5.7. Other applications in dentistry
The remineralizing action of SDF has been proven in the literature because of the fluoride content. When SDF, calcium sodium phosphate (CSP), and casein phosphopeptide–amorphous calcium phosphate complexes (CPP–ACP) were compared in an in vitro study by Vinod et al. using DIAGNOdent readings, the results revealed a statistically significant difference between baseline, post-demineralization, and post-remineralization readings. SDF demonstrated the highest levels of remineralization in the intergroup comparison, followed by CSP and CPP–ACP, respectively (49). SDF also has antifungal potency against oral Candida species along with antimicrobial activity in the management of severe early childhood caries (50).
6. Disadvantages of silver diamine fluoride
The main disadvantage and concern of SDF are black discoloration and metallic taste, so some parents and their children may not accept the treatment outcome. When SDF was applied to the carious dentin, insoluble yellow-colored silver phosphate was formed (51), which later turns to black when exposed to sunlight or due to the influence of reducing agents. Knight et al. suggested application of after using SDF, potassium iodide is used to remove the black discoloration. Crystals of creamy white silver iodide are created when potassium iodide combines with the remaining free silver ions. As a result, there are no longer any free silver ions that may interact with sulfur to produce black precipitates (52).
SDF also has a metallic taste, which is unacceptable to the children, and parents.

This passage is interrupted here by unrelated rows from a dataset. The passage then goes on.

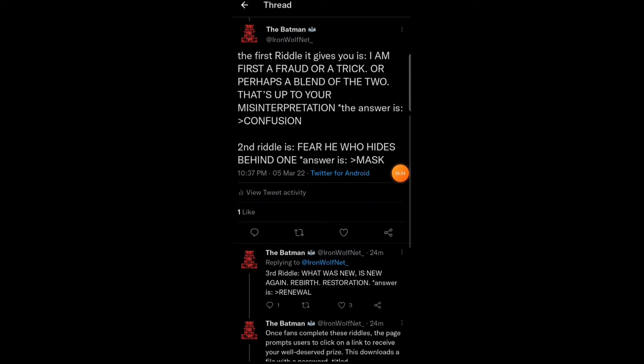So the first riddle is, I am first a fraud, or a trick, or perhaps a blend of the two. That's up to your misinterpretation. And the answer to that is confusion.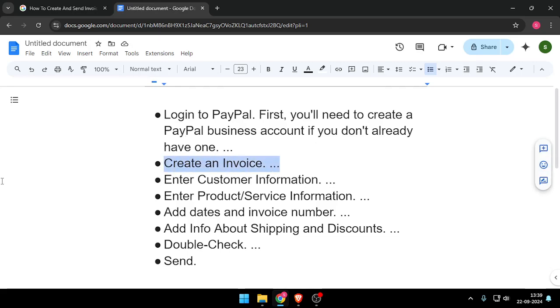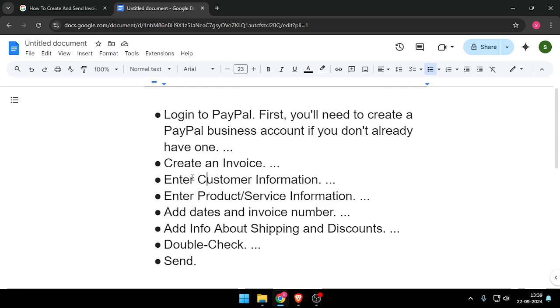Then you have to create an invoice and enter customer information. You have to enter the information of the customer that you want to send the invoice to.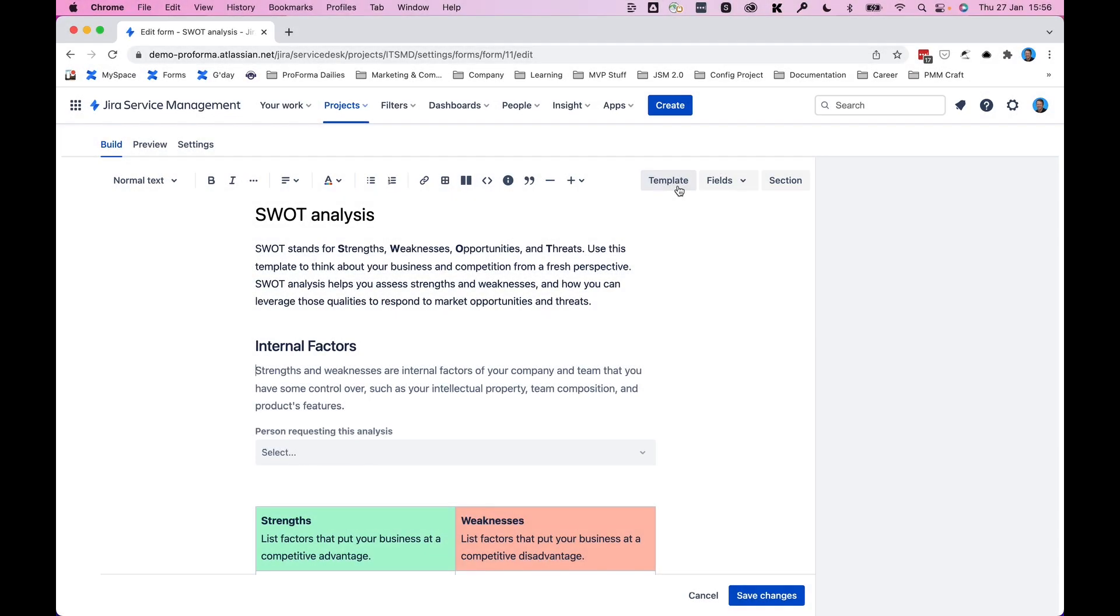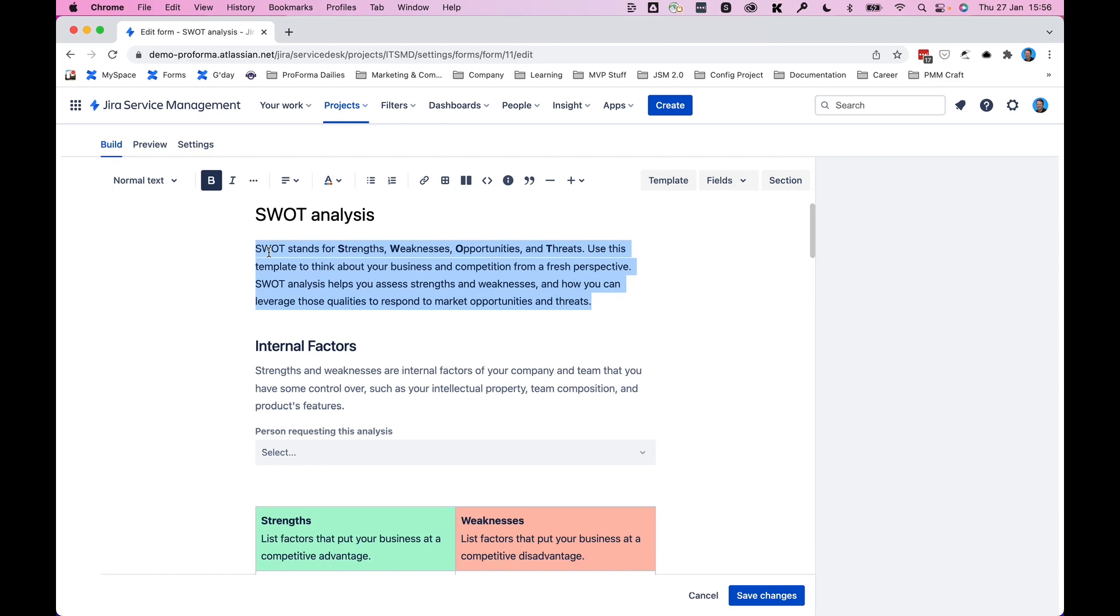Moving elements of your forms around is pretty easy. For anything text-related, you can simply use the rich text formatting. You can copy, paste, anything that you need to do that you would normally do in Confluence, for example.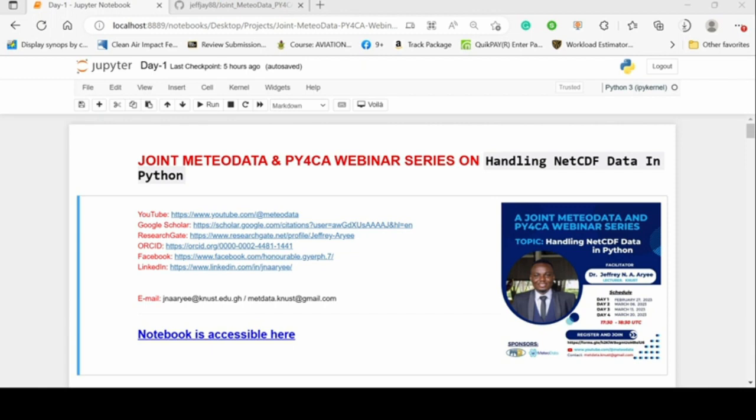Good morning, good afternoon, good evening from wherever you are joining. The time is up so I think we are good to start. I'd like to officially welcome all of you. Today is the first day of the four-day webinar series, which will be focusing on the right ways of using NetCDF data in Python.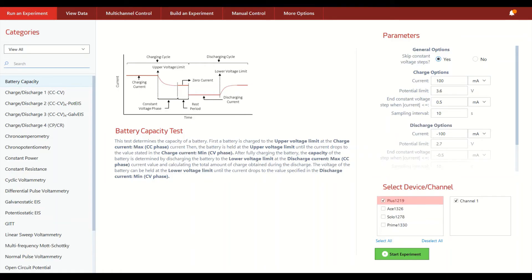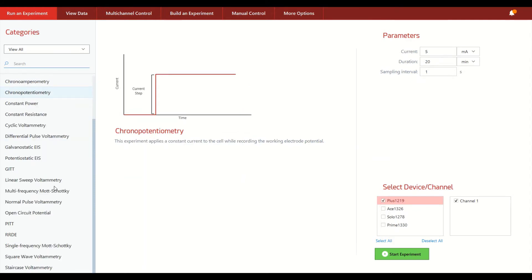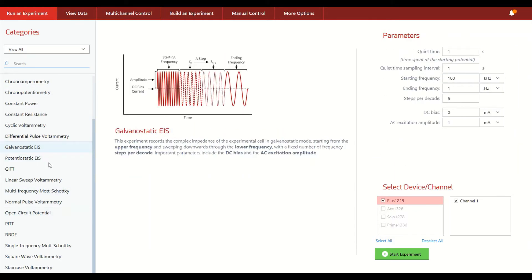So here it is, our Squidstat user interface. And so to begin with, we have our run an experiment screen. So this is the main window that appears when you open our software. And you can see on the left side of the screen all of the most commonly used electrochemistry experiments that one would expect any research grade Potentiostat to be able to carry out.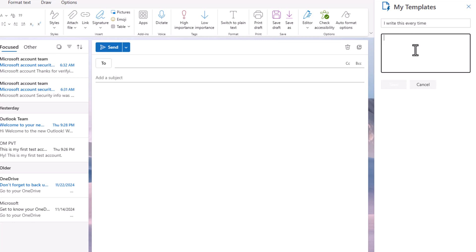I'll name this template 'I write this every time.' It's just a sample I'm creating. Hi dear friends, this is my general template. I'm creating it as an example. You can add it as per your convenience, as per your email requirement. This is my general template I use every time.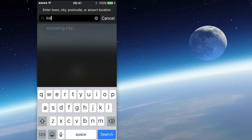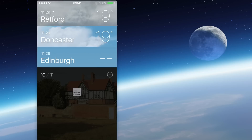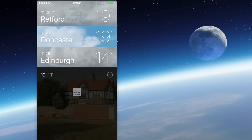Let's check in to Edinburgh. Just type in Edinburgh and press search. We've got a number of options for which Edinburgh we mean — we can go down to the airport, or there's even an Edinburgh in Indiana in the United States. So it's an educational tool as well! I'm going to tap on Edinburgh, Scotland, and we can see already it's a little bit cloudy and it's 14 degrees.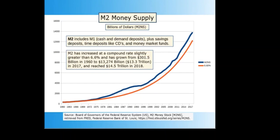The M2 money supply is an aggregate that includes a broader set of financial assets held principally by households. M2 includes M1 — cash and demand deposits — plus savings deposits, time deposits like CDs, and money market funds. The M2 increase has followed a compound interest rate of 6.6%, about 1% higher than the M1 aggregate. In 2017, M2 has risen to more than $14 trillion.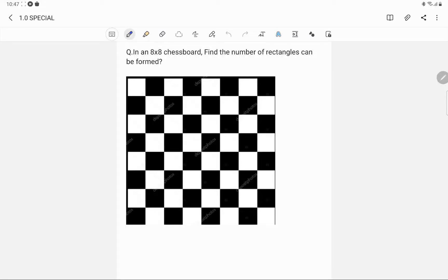Today we are going to solve problems based on chessboard from the topic permutation and combination. This question states that in an 8x8 chessboard, find the number of rectangles that can be formed. A typical 8x8 chessboard looks like this.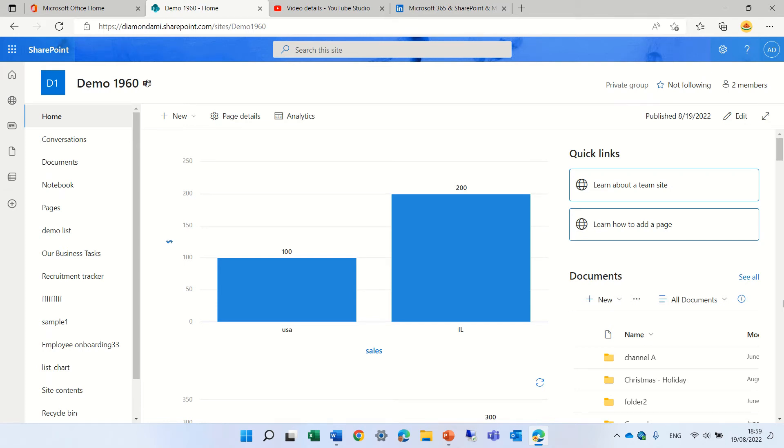Hello, this is Ami Diamond. In this episode I'd like to show you how you can add a chart to a SharePoint site or page.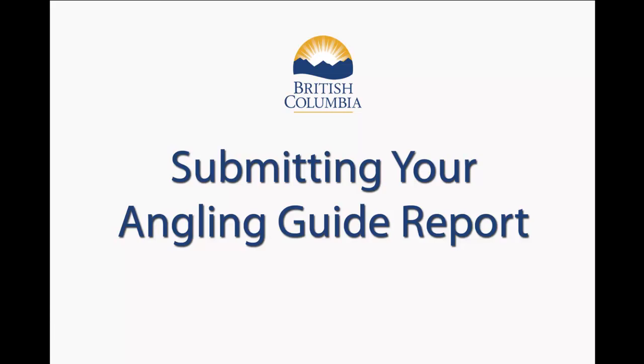Welcome to submitting your Angling Guide report video for Angling Guide reporting in the province of BC. In this short video, we will review the process of submitting your Excel report to our SharePoint reporting site.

Sometimes gingival and mucosal irritation can occur, which is transient in nature and the tissue affected turns white and heals within 1–2 days. Thus, use of a rubber dam or a separating medium like vaseline or cocoa butter should be used before using the SDF solution near to the gingiva (13).
Crystal et al. evaluated the parental acceptance and perception of SDF staining and observed that staining was more acceptable on posterior teeth compared to anterior teeth. Most parents preferred SDF application compared to treatment under deep sedation or general anesthesia (53). In a different research, Alshammari et al. discovered that the majority of the parents disapproved of the SDF application. The authors came to the conclusion that dentists should offer informed consent forms with unambiguous photos while treating anterior teeth showing expected staining (54).
7. Conclusion
SDF has been proven to be an effective therapeutic agent in arresting dental caries in both primary and permanent teeth. It also helps in reducing dentinal hypersensitivity, remineralizing properties, antimicrobial activity, and antifungal potency. Furthermore, SDF is a simple, easy to use, easily affordable, and widely available therapeutic agent in developing countries. Though it has the disadvantage of black staining and metallic taste, more studies would be needed to prove SDF as a material of choice in the current scenario.
Author contributions
NK and RK contributed to concept designing, searching the literature, and writing the review manuscript. Both authors contributed to the article and approved the submitted version.
Acknowledgments
The authors want to acknowledge that the article was solely written by the authors.
Abbreviations
SDF, silver diamine fluoride; SnF2, stannous fluoride; DNA, deoxyribonucleic acid; ppm, parts per million; HA, hydroxyapatite crystals; CaF2, calcium fluoride; CSP, calcium sodium phosphosilicate; CCP–ACP, casein phosphopeptide–amorphous calcium phosphate complexes.